In this respect, fractals are going toward the design of a new generation of compact RF and microwave passive networks for wireless devices. Any wireless system relies on what is called the RF front-end stage which includes antennas, filters and diplexers, along with other passive elements such as capacitors, inductors and resistors. There is no problem whether the system is as influential as a cellular base-station, as sensitive as a super conducting satellite receiver or as small as a system-on-chip wireless device, the compactness and integration of such a front-end becomes always a key issue in terms of performance, robustness, packaging and cost. Fractal technology has been already applied in the miniaturization of another essential part of the wireless front-end. Compact fractal antennas for handsets, PDAs, cellular base-stations and high-speed data applications have been used in every small corner of the wireless world. The size compression and multiband qualifications of fractals allow well-organized, broadband and multi-purpose devices to be packed in places that were at length unreachable due to size, weight, or appearance constraints. Based on an analogous principle to filter and antenna miniaturization capabilities, fractal technology has been recently proven to become the most efficient way in packaging RF and microwave networks as well [4], [5].

On the other hand, microstrip bandpass and bandstop filters have developed rapidly and have led to spectacular demands for lower cost products with compact sizes and strong communication capabilities. In a microwave communication system, the bandpass filter (BPF) and bandstop filter (BSF) are essential components that are typically adopted in the transmitter and receiver system [6], [7]. One of the pioneers in the use of Hilbert fractal filter designs is Barra [8]. His work is focused on miniaturized superconducting filters using resonators based on Hilbert and Minkowski fractal layouts. He explored the miniaturization levels achievable by these resonators, with emphasize on the parameters which allow obtaining a good trade-off between compact size and losses. Several prototypes of four pole filters, with Chebychev and quasi elliptic responses, have been designed and fabricated. Microstrip lowpass filter operating within L-band application has been employed by making a slot in the ground plane in the form of Hilbert curve using defected ground structure (DGS) method as in [9]. The DGS structure has a flat lowpass characteristic and a sharp band-gap property compared to the conventional dumbbell DGS. In order to enhance the out-band suppression, an improved Hilbert fractal curve ring DGS cell model loaded with open-stubs was proposed.
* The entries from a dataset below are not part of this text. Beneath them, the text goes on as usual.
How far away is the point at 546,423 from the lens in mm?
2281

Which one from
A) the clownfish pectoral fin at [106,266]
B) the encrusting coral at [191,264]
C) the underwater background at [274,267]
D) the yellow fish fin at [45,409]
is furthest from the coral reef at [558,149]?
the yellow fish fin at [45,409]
Based on the improved model, a compact L-band microstrip low-pass filter with periodic DGS was designed and studied. Typical and simplified cross-coupled spiral resonators with Hilbert configurations have been stated in [10] for a large coupling coefficient with comparison between each other. All of designs introduced in [10] have low insertion loss, high out-of-band rejection level and wider band frequency responses. Moreover, surface current distributions simulated by IE3D EM software package have been used to analyze the coupling regions in spiral and Hilbert configurations.

Narrow band dual loosely coupled resonator microstrip bandpass filters based on Hilbert fractal geometry with coupling stubs have been proposed for wireless application as in [11] within ISM band at fundamental frequency of 2.4 GHz. The proposed filter design topology is based on a single-mode microstrip resonators constructed from 2^nd and 3^rd iteration levels of Hilbert fractal geometry. The performance of each of the proposed filters has been analyzed using a method of moments (MoM) based software package, Microwave Office 2007, from Advanced Wave Research Inc. The new filters have small sizes and low insertion loss as well as high performances, which are very essential features in microstrip filter design theory. Bandstop filter using Hilbert defected ground structure (HDGS) has been built up and optimized using the fuzzy genetic algorithm as in [12]. This filter has been designed at 2.4 GHz center frequency and flat pass-band characteristics. The simulation results showed that this method has faster convergence rate than the traditional genetic algorithm. A second order bandpass filter is designed using DGS technique for wireless communication system has been reported in [13]. This filter has been constructed from Hilbert resonator which is etched on the bottom metal layer of the microstrip. The resonant characteristic of the fractal shaped DGS resonator has been analyzed. The effect of couplings between DGS resonators and input/output ports are also predicted. In [14], a study on the design of compact substrate integrated waveguide unit cell using Hilbert fractal slots has been introduced. It has been found that the suggested configuration offers a passband which is well below the cut-off frequency of the substrate integrated waveguide and hence, can be adopted in the design of miniaturized filter. Different orientations of the Hilbert curve are investigated and an optimal orientation that gives the best passband response has been extracted.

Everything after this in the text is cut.